EXTRACTED DATA »
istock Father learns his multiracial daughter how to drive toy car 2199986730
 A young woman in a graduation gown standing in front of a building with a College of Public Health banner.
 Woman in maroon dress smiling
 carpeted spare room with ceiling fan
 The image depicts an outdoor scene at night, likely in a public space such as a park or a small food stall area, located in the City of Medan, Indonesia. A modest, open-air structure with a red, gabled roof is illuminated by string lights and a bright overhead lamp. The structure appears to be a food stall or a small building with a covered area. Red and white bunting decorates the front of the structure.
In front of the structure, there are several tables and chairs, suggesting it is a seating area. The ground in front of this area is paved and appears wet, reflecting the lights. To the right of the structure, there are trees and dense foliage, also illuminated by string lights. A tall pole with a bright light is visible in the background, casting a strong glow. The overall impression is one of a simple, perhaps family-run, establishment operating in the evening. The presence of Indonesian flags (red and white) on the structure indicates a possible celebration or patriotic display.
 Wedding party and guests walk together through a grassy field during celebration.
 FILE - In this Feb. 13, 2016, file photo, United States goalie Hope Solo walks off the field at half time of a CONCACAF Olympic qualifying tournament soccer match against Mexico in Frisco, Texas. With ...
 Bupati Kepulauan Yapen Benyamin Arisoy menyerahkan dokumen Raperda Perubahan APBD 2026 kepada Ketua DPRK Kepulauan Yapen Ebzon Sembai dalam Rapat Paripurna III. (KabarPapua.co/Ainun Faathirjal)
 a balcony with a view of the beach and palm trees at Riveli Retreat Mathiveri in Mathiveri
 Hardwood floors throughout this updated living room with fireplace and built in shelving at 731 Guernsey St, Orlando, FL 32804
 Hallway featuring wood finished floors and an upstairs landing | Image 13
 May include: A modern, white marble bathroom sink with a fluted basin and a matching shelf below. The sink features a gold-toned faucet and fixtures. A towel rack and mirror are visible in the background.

EXERCISE GOAL »
Quote the material exactly, leaving nothing out.

SOLUTION »
istock Father learns his multiracial daughter how to drive toy car 2199986730
 A young woman in a graduation gown standing in front of a building with a College of Public Health banner.
 Woman in maroon dress smiling
 carpeted spare room with ceiling fan
 The image depicts an outdoor scene at night, likely in a public space such as a park or a small food stall area, located in the City of Medan, Indonesia. A modest, open-air structure with a red, gabled roof is illuminated by string lights and a bright overhead lamp. The structure appears to be a food stall or a small building with a covered area. Red and white bunting decorates the front of the structure.
In front of the structure, there are several tables and chairs, suggesting it is a seating area. The ground in front of this area is paved and appears wet, reflecting the lights. To the right of the structure, there are trees and dense foliage, also illuminated by string lights. A tall pole with a bright light is visible in the background, casting a strong glow. The overall impression is one of a simple, perhaps family-run, establishment operating in the evening. The presence of Indonesian flags (red and white) on the structure indicates a possible celebration or patriotic display.
 Wedding party and guests walk together through a grassy field during celebration.
 FILE - In this Feb. 13, 2016, file photo, United States goalie Hope Solo walks off the field at half time of a CONCACAF Olympic qualifying tournament soccer match against Mexico in Frisco, Texas. With ...
 Bupati Kepulauan Yapen Benyamin Arisoy menyerahkan dokumen Raperda Perubahan APBD 2026 kepada Ketua DPRK Kepulauan Yapen Ebzon Sembai dalam Rapat Paripurna III. (KabarPapua.co/Ainun Faathirjal)
 a balcony with a view of the beach and palm trees at Riveli Retreat Mathiveri in Mathiveri
 Hardwood floors throughout this updated living room with fireplace and built in shelving at 731 Guernsey St, Orlando, FL 32804
 Hallway featuring wood finished floors and an upstairs landing | Image 13
 May include: A modern, white marble bathroom sink with a fluted basin and a matching shelf below. The sink features a gold-toned faucet and fixtures. A towel rack and mirror are visible in the background.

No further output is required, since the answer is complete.